▸ WHAT TO WORK ON: Go to the line below that has "Reultat Storån River 2025", print it and each line after it exactly, and stop after the line that has "Blissful Long Henley Set"; leave out pictures.
──────── DATA UNDER STUDY ────────
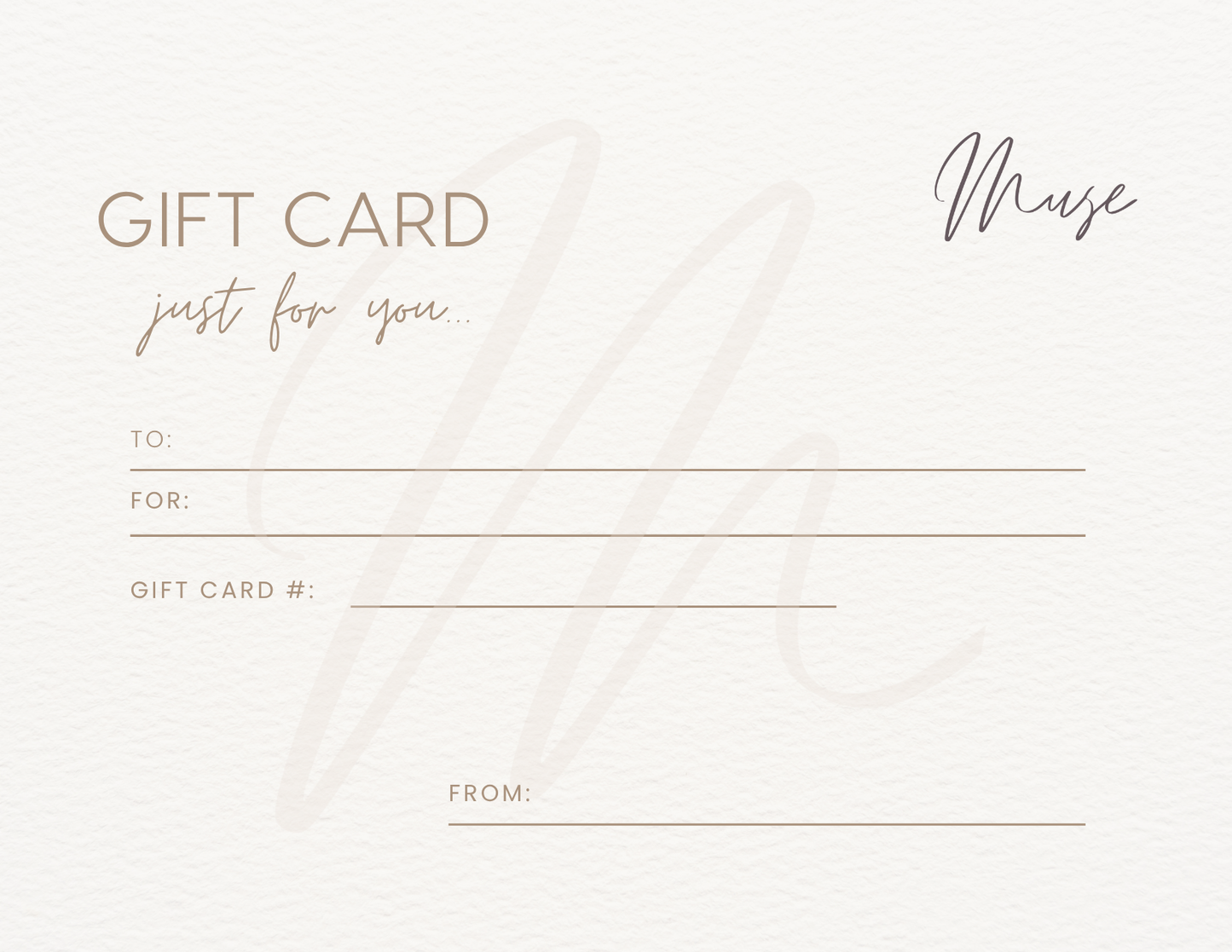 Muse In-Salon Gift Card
────────
──────── DATA UNDER STUDY ────────
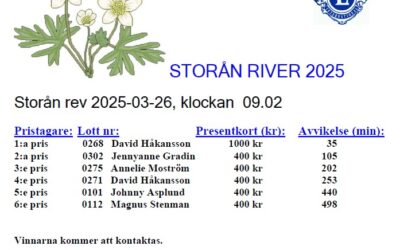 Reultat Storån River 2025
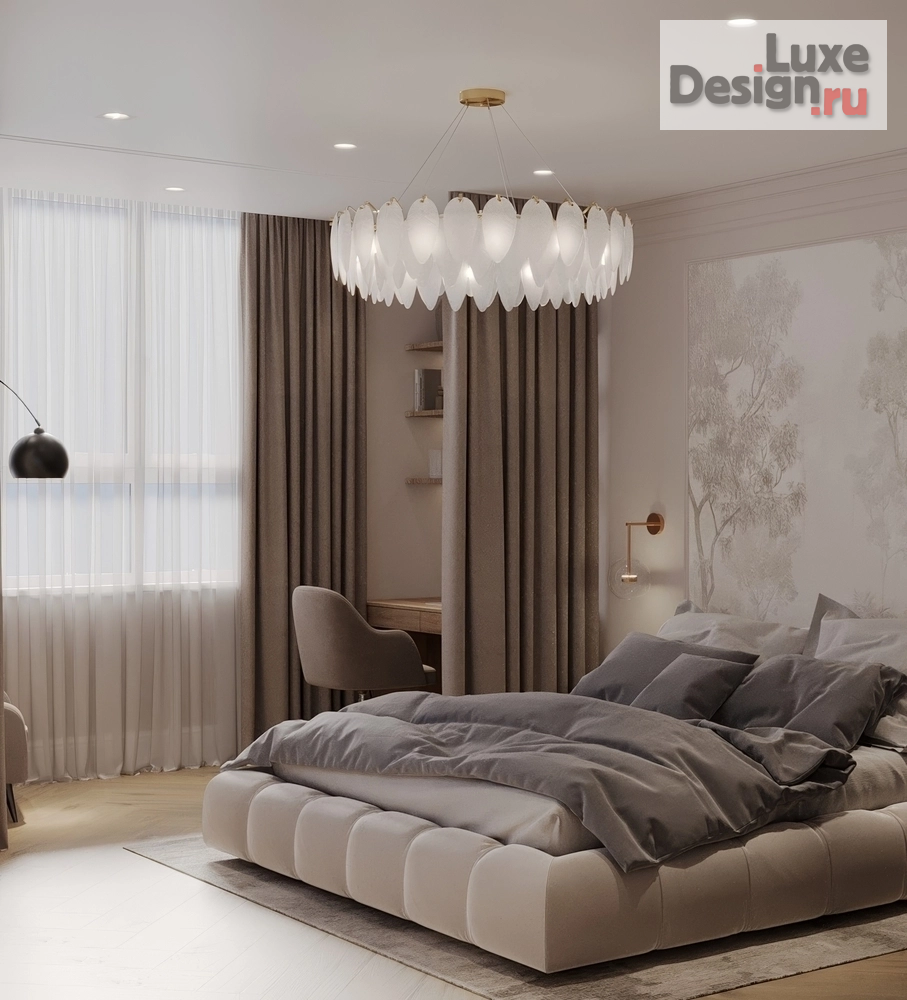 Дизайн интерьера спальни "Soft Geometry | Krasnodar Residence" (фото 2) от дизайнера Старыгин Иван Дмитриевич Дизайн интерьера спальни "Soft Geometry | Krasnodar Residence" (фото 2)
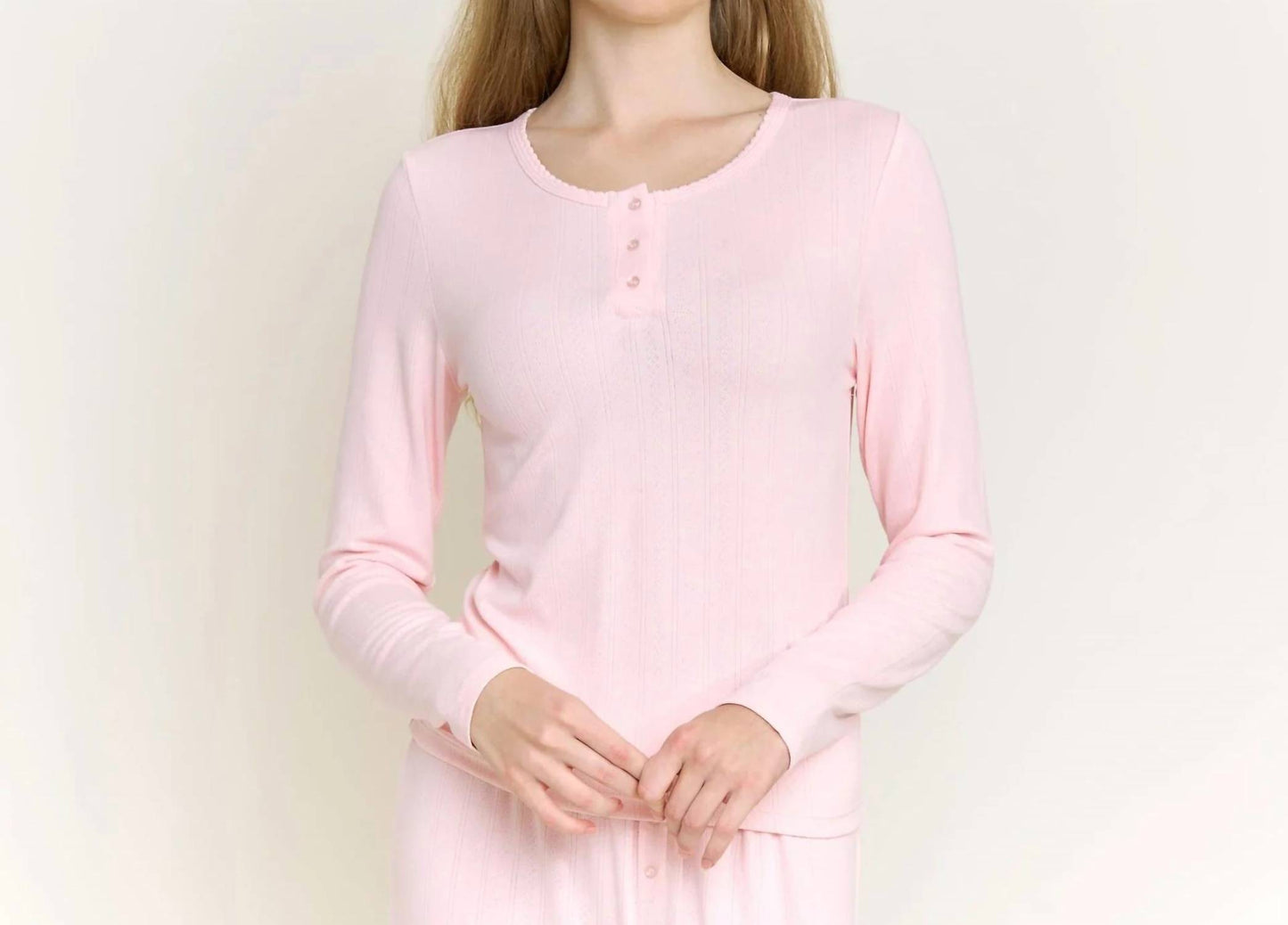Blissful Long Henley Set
────────
▸ TASK RESULT:
 Reultat Storån River 2025
 Дизайн интерьера спальни "Soft Geometry | Krasnodar Residence" (фото 2) от дизайнера Старыгин Иван Дмитриевич Дизайн интерьера спальни "Soft Geometry | Krasnodar Residence" (фото 2)
Blissful Long Henley Set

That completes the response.